The "no pay for never events" rule, though — adopted by Leapfrog before Medicare — is only part of Leapfrog's armamentarium. Medical apologies and root cause analyses are at least as important. (I had a bit of a dialogue with Binder about this issue a number of months ago.)
As my home state of Massachusetts heads down the path of reporting on hospital-acquired infections and other serious reportable adverse events, Binder suggests that the regulators stick with the core 28 NQF serious reportable adverse events. This advice holds for other payors and regulators as well; Binder says, "It is our goal, at Leapfrog for sure, and I know it’s at CMS as well, to get these indicators harmonized and start to get a smaller set, a dashboard if you will, that people can really use to decide where to go for their health care."

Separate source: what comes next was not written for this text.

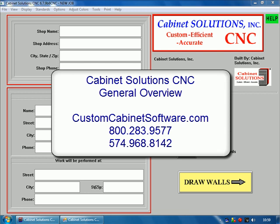Hi, this is Jake with Cabinet Solutions CNC. I'm actually giving you a quick demonstration today on how easy it is to use the Cabinet Solutions CNC design software package.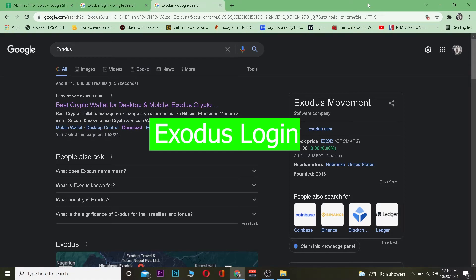What is up everybody, welcome back to my channel, it's me Vicky Kevin and you're watching How to Guide YouTube channel. This video is on how you can log into Exodus, but before that, for those people who do not know Exodus...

Finally, we touched on the question of post-election health care reform. Binder's take:
"[U]ltimately the financing model for health care in our country really isn’t going to work. So, regardless of who is in the White House, [we need] to find a way to get people to look for the best possible care for themselves at the best possible price because with the aging of the baby boomers and the current financing structure of health care, it is just not tenable. . . . I think we’re going to have to look to all of us individually — not just our government in Washington or our employer — we’re going to have to look at ourselves to figure out how we can contribute to improving the situation. So I think that the change that’s coming is going to be quite substantial regardless of who’s in the White House and it would be really driven in part by our own use of health care."

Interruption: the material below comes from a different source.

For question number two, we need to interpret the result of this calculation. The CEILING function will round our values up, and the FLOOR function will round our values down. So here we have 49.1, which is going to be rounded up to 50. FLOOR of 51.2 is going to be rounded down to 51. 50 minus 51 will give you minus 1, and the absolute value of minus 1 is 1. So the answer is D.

In the end, Binder is concerned about assuring access to care, but emphasizes that "as we improve access to care we must also really address the issue of quality."

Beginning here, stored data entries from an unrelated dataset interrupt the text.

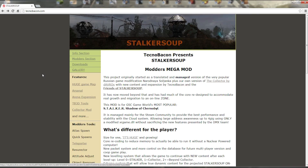Welcome to yet another mod installation tutorial. This one is very long overdue — it's for Stalker Soup. I never did one before because the mod was changing so often with new patches and the installation order kept shifting. But now that a big new patch has come out, things have changed and it's time to release an installation tutorial. Let's get started.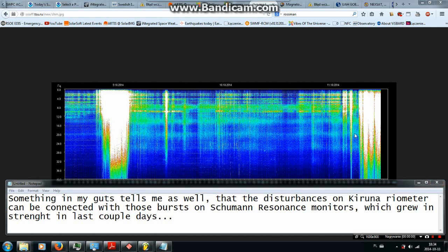Something in my guts tells me as well that the disturbances on Kiruna Ryometer can be connected with those bursts on Schumann resonance monitor which grew in strength in last couple days.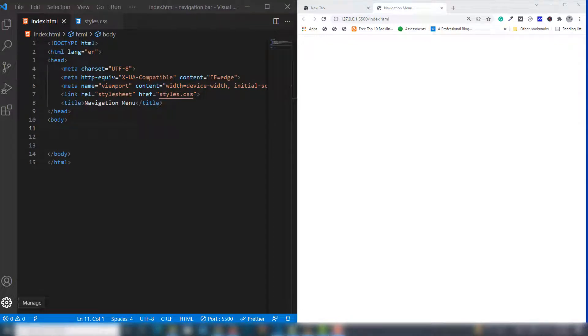Hello guys, welcome back to another video tutorial. In this video I'm going to teach you how you can create a navigation menu with the help of HTML5 and CSS3.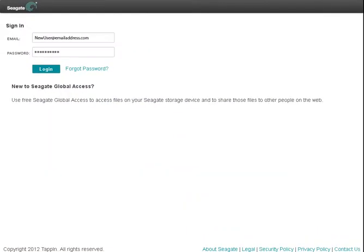This tutorial will show you how to stream music from the Seagate Global Access website. To begin, log into your Global Access account.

This is a tremendous challenge, as the Massachusetts experience has shown; it is very difficult, if not impossible, to address access, quality and cost issues simultaneously.
Interview: Leah Binder, CEO of the Leapfrog Group
September 2, 2008
David Harlow: This is David Harlow on HealthBlawg and I am speaking today with Leah Binder, CEO of the Leapfrog Group. Thank you for joining us today, Leah.
Leah Binder: It’s a pleasure.
David Harlow: I am interested in a number of things that your organization is doing but the opportunity for our conversation today is connected with the upcoming Chasing Zero Conference that’s going on next week in Washington sponsored by Cardinal Health. But for starters, I would like to ask if you could describe in, I don’t know, 25 words or less, the mission of the Leapfrog Group.
Leah Binder: We represent large employer purchasers in the country in leveraging their purchasing power to try to influence improvement in quality in America’s hospitals.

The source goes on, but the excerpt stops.